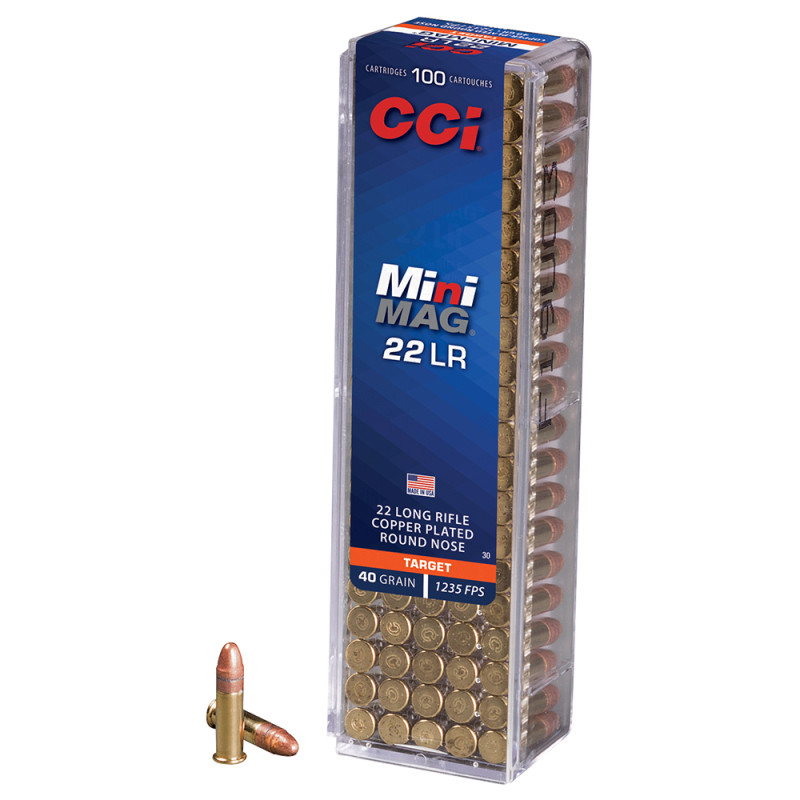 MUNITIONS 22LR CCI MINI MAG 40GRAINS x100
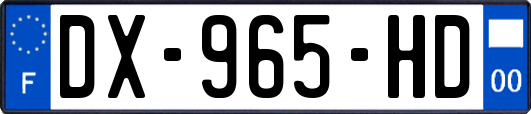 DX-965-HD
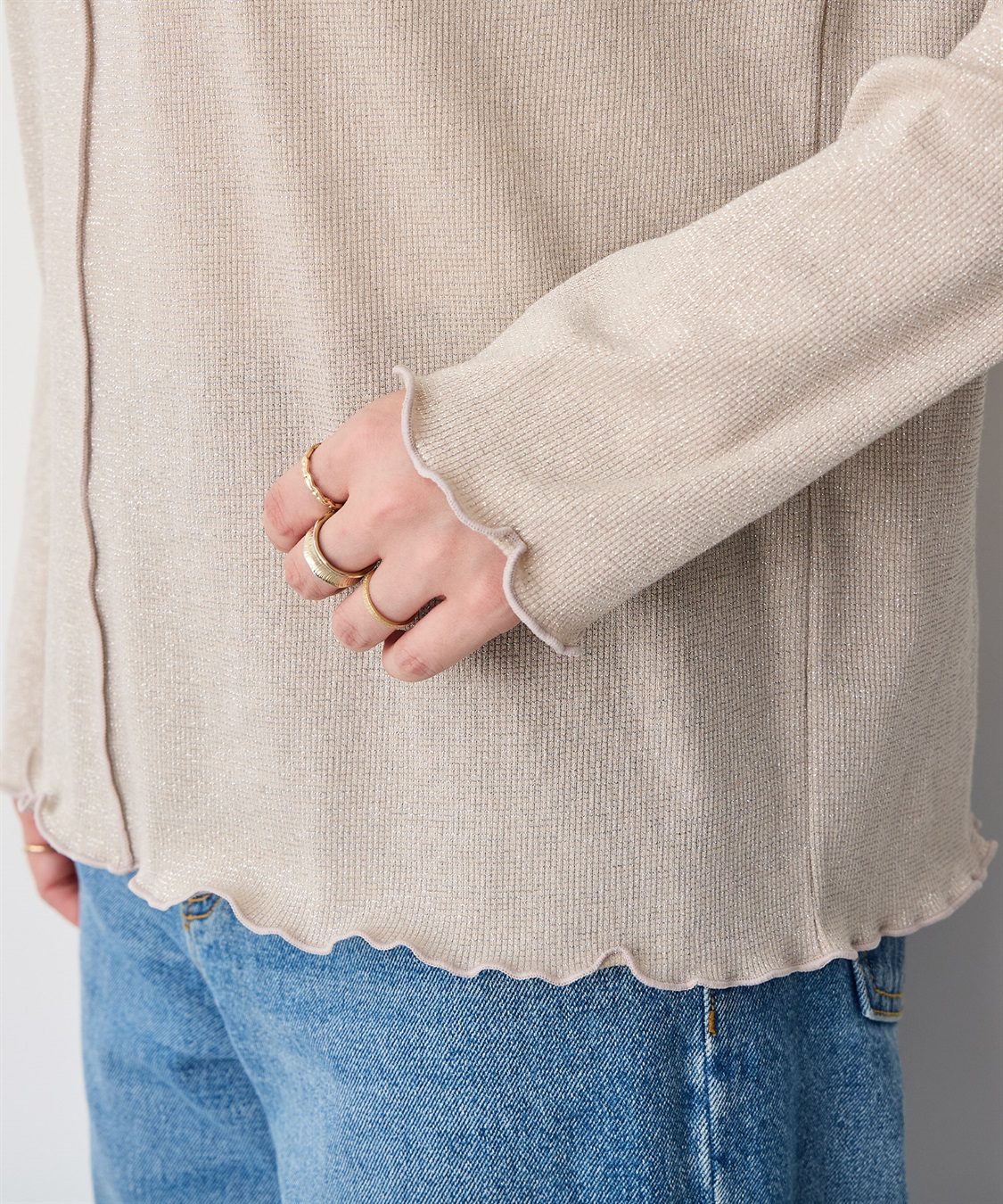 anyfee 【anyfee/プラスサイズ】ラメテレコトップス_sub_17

= = =

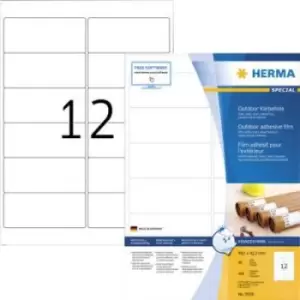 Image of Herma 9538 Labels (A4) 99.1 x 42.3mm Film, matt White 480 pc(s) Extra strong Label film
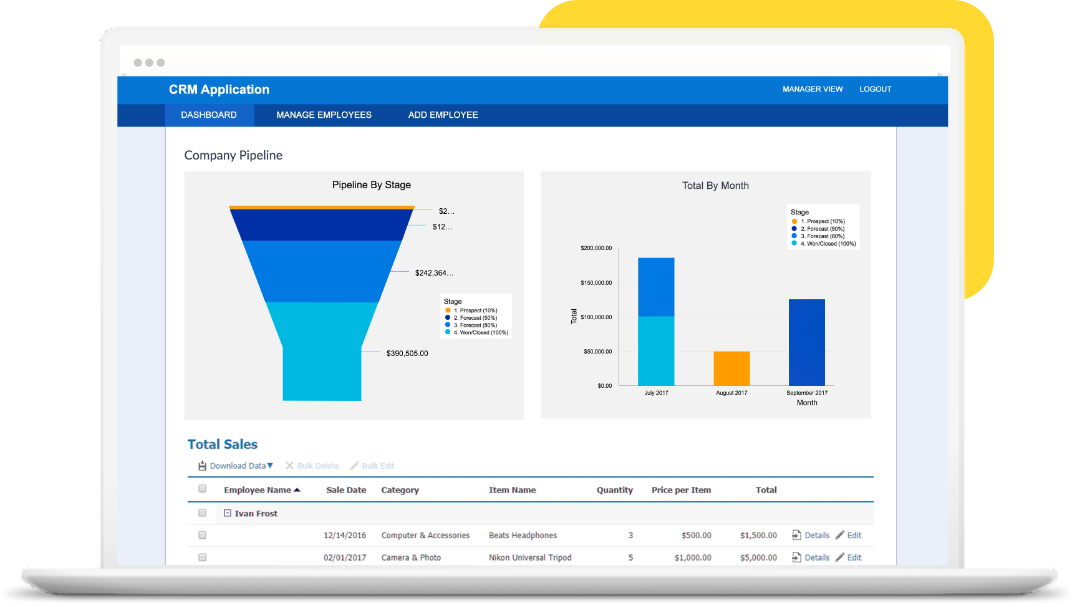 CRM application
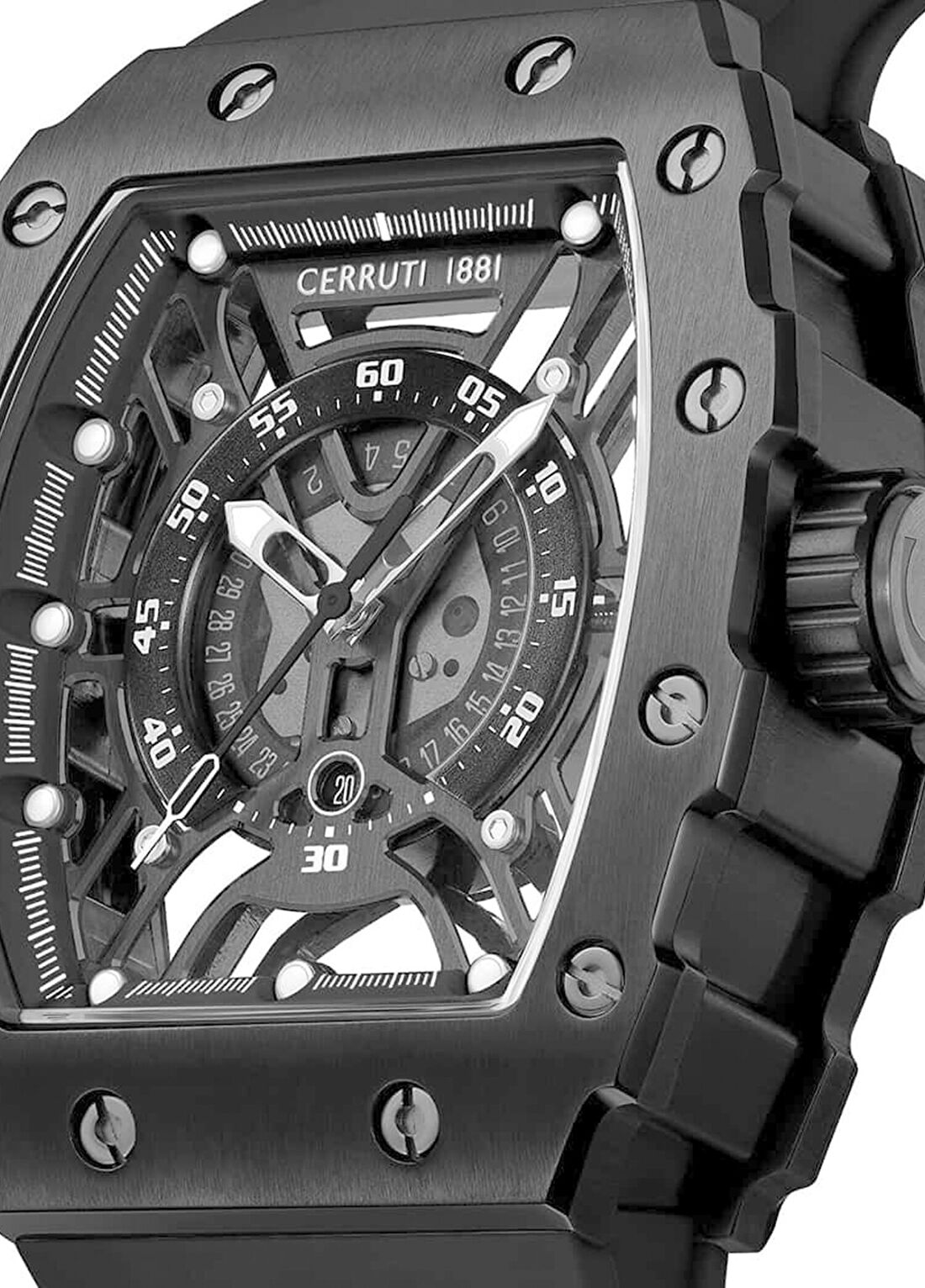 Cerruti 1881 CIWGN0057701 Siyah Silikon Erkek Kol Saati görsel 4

= = =

## Directions for this task
Everything from the line with "Image of Herma" through the line with "Cerruti 1881 CIWGN0057701" in the material above should be transcribed exactly, except the pictures.

## Result for this exercise
 Image of Herma 9538 Labels (A4) 99.1 x 42.3mm Film, matt White 480 pc(s) Extra strong Label film
 CRM application
 Cerruti 1881 CIWGN0057701 Siyah Silikon Erkek Kol Saati görsel 4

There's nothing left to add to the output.